The Edge of Dreams
Poor man. What an awful way to die. And that note—it shows a character completely devoid of human feeling, wouldn’t you say? Pleased with his own cleverness.”
    “I’m afraid you’re right. A warped and twisted person who delights in killing. All I can hope is that he meant what he said when he talked about saving the best for last—that he really intends to stop this killing spree.”
    “Going back to the meat packer—what do we know about him? He didn’t supply meat to the judge or any of the others, I take it?”
    “He had married and moved to the city about a year ago. Until then he ran a butcher’s shop in the Catskills. From what his wife tells us, it was an extremely happy marriage, a second for him after his first wife died. A first for her, somewhat late in life, but they were both looking forward to a bright future.”
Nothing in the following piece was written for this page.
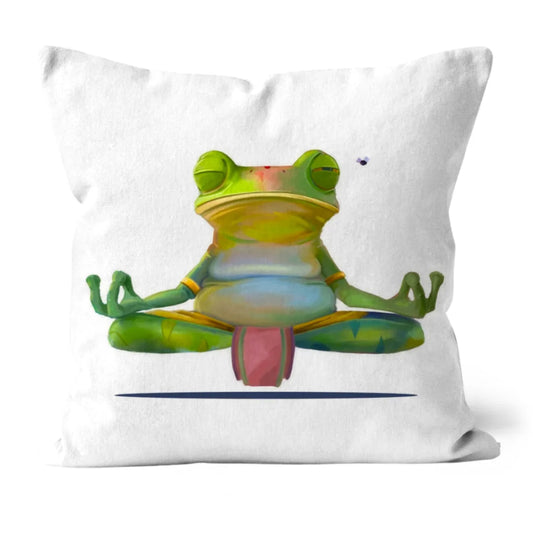 Meditating frog cushion with vibrant green and blue tones, printed on white faux suede, displayed against a plain background.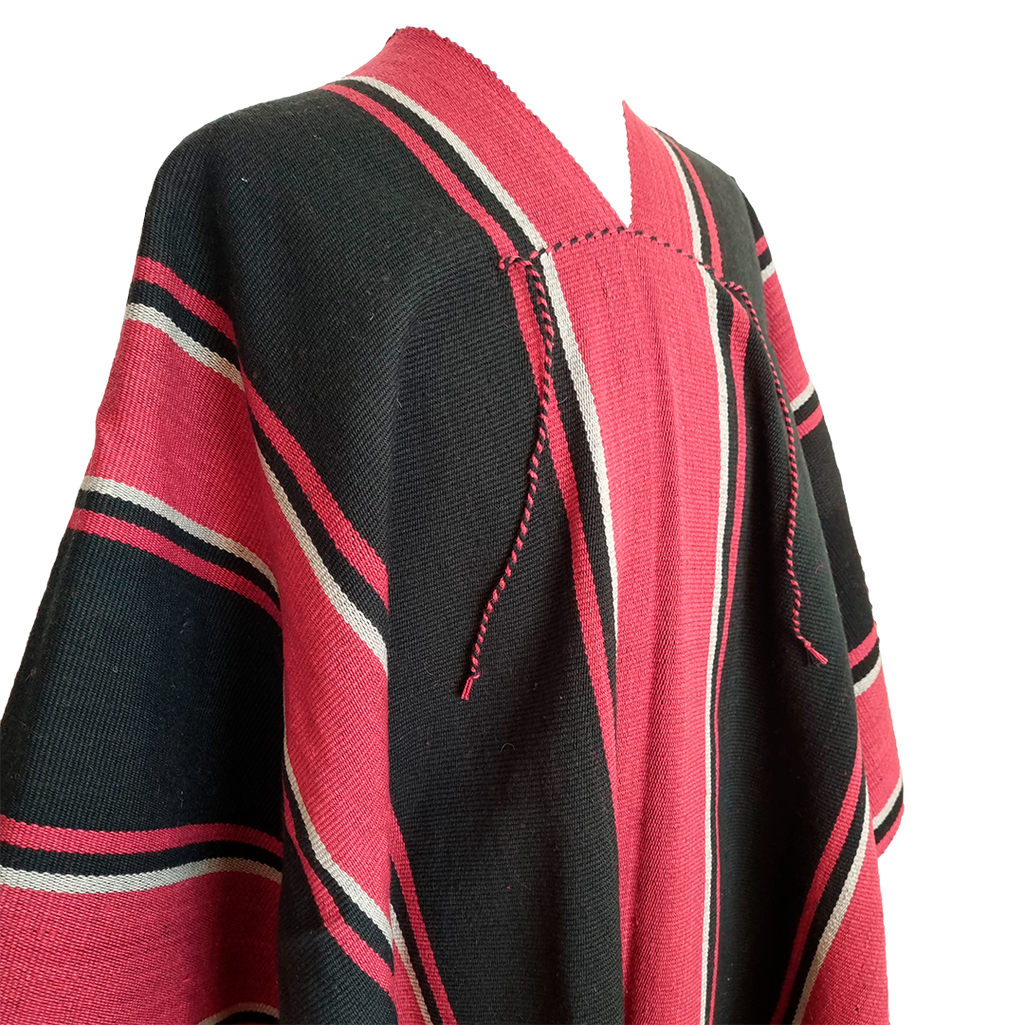 Close-up of Atuel Listado poncho with red, black and natural stripe details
    “If he was locked in the meat safe all weekend, didn’t she report him missing?” I asked. “Isn’t that suspicious?”
    “That’s the thing. He had told her he was going up to Woodstock to visit his mother. She didn’t want to come, not being too fond of his mother. So she thought she knew where he was.”
    “And she hadn’t recently taken out a life insurance policy on him?” I asked.
    Daniel laughed. “What a gruesome little thing you are. Most women would have reached for the smelling salts at the very start of this conversation, not discussed it as calmly as if it concerned the price of sugar.”
    “You know I’m not most women.” I turned back to the mirror to put a final pin in my unruly hair. Then something struck me. I put down the hairpins and leafed through the papers.
    “There’s one missing,” I said, waving them triumphantly.
    “What do you mean? You’ve read them all.”
    I shook my head. “The murders are all about three weeks apart, right up to yesterday’s train crash, if we include that. But there wasn’t one in early August. Why not? Could that have been one murder he couldn’t pull off, or a note that somehow didn’t get delivered to you? Or was he off on vacation at the seashore?”
    Daniel took the papers from me and examined them, frowning. “That’s an acute observation, Molly. But if there was one murder he couldn’t commit, how would we ever find out about it?”
    “I don’t know, but it seems that’s your best chance of solving this,” I said. “Because at the beginning of August, somebody might have lived to tell the tale.”

 
    Seven
    Downstairs a clock chimed with a sweet, melodious ting .
    Daniel stood up. “I should be going. The commissioner wants me at today’s briefing and will no doubt be annoyed that I’ve come up with nothing new.”
    “Apart from the missing date in August,” I pointed out.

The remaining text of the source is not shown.